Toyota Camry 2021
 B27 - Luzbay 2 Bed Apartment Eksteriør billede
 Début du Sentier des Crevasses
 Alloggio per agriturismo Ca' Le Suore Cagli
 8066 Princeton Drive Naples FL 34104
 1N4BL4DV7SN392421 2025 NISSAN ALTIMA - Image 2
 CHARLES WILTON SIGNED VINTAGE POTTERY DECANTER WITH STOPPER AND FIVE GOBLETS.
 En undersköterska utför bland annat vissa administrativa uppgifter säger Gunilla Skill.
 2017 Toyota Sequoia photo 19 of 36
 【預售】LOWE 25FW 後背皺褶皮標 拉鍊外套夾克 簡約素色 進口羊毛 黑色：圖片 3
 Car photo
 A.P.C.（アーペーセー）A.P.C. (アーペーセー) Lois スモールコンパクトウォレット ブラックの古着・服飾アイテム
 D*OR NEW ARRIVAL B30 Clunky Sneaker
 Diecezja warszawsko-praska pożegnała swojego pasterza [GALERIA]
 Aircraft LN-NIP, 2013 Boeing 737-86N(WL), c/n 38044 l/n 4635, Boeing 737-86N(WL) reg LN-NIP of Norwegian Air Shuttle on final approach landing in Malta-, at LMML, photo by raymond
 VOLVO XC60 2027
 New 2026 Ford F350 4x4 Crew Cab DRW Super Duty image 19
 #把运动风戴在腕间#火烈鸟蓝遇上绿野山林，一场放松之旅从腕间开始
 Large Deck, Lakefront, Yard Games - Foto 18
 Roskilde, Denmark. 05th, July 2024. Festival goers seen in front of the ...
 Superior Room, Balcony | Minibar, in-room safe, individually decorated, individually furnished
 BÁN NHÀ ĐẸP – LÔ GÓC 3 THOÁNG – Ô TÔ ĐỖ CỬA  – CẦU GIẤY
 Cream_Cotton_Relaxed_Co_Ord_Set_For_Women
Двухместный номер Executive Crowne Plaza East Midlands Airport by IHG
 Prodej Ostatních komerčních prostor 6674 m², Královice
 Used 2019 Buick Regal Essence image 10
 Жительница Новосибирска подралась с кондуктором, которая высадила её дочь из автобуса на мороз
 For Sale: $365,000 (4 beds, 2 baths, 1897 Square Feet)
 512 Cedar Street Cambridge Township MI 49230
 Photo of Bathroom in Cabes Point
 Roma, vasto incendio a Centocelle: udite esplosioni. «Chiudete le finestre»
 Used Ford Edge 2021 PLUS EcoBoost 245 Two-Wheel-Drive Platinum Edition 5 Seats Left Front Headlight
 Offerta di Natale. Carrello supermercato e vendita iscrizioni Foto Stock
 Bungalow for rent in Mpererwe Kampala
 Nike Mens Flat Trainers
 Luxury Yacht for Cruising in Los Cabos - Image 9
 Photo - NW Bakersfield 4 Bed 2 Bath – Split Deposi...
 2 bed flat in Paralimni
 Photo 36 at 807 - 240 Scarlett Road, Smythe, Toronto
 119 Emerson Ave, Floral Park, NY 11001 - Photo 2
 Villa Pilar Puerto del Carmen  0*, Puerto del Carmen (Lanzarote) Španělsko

--------

● **Work instruction**: Can you reproduce all the material exactly?

● **Response**:
Toyota Camry 2021
 B27 - Luzbay 2 Bed Apartment Eksteriør billede
 Début du Sentier des Crevasses
 Alloggio per agriturismo Ca' Le Suore Cagli
 8066 Princeton Drive Naples FL 34104
 1N4BL4DV7SN392421 2025 NISSAN ALTIMA - Image 2
 CHARLES WILTON SIGNED VINTAGE POTTERY DECANTER WITH STOPPER AND FIVE GOBLETS.
 En undersköterska utför bland annat vissa administrativa uppgifter säger Gunilla Skill.
 2017 Toyota Sequoia photo 19 of 36
 【預售】LOWE 25FW 後背皺褶皮標 拉鍊外套夾克 簡約素色 進口羊毛 黑色：圖片 3
 Car photo
 A.P.C.（アーペーセー）A.P.C. (アーペーセー) Lois スモールコンパクトウォレット ブラックの古着・服飾アイテム
 D*OR NEW ARRIVAL B30 Clunky Sneaker
 Diecezja warszawsko-praska pożegnała swojego pasterza [GALERIA]
 Aircraft LN-NIP, 2013 Boeing 737-86N(WL), c/n 38044 l/n 4635, Boeing 737-86N(WL) reg LN-NIP of Norwegian Air Shuttle on final approach landing in Malta-, at LMML, photo by raymond
 VOLVO XC60 2027
 New 2026 Ford F350 4x4 Crew Cab DRW Super Duty image 19
 #把运动风戴在腕间#火烈鸟蓝遇上绿野山林，一场放松之旅从腕间开始
 Large Deck, Lakefront, Yard Games - Foto 18
 Roskilde, Denmark. 05th, July 2024. Festival goers seen in front of the ...
 Superior Room, Balcony | Minibar, in-room safe, individually decorated, individually furnished
 BÁN NHÀ ĐẸP – LÔ GÓC 3 THOÁNG – Ô TÔ ĐỖ CỬA  – CẦU GIẤY
 Cream_Cotton_Relaxed_Co_Ord_Set_For_Women
Двухместный номер Executive Crowne Plaza East Midlands Airport by IHG
 Prodej Ostatních komerčních prostor 6674 m², Královice
 Used 2019 Buick Regal Essence image 10
 Жительница Новосибирска подралась с кондуктором, которая высадила её дочь из автобуса на мороз
 For Sale: $365,000 (4 beds, 2 baths, 1897 Square Feet)
 512 Cedar Street Cambridge Township MI 49230
 Photo of Bathroom in Cabes Point
 Roma, vasto incendio a Centocelle: udite esplosioni. «Chiudete le finestre»
 Used Ford Edge 2021 PLUS EcoBoost 245 Two-Wheel-Drive Platinum Edition 5 Seats Left Front Headlight
 Offerta di Natale. Carrello supermercato e vendita iscrizioni Foto Stock
 Bungalow for rent in Mpererwe Kampala
 Nike Mens Flat Trainers
 Luxury Yacht for Cruising in Los Cabos - Image 9
 Photo - NW Bakersfield 4 Bed 2 Bath – Split Deposi...
 2 bed flat in Paralimni
 Photo 36 at 807 - 240 Scarlett Road, Smythe, Toronto
 119 Emerson Ave, Floral Park, NY 11001 - Photo 2
 Villa Pilar Puerto del Carmen  0*, Puerto del Carmen (Lanzarote) Španělsko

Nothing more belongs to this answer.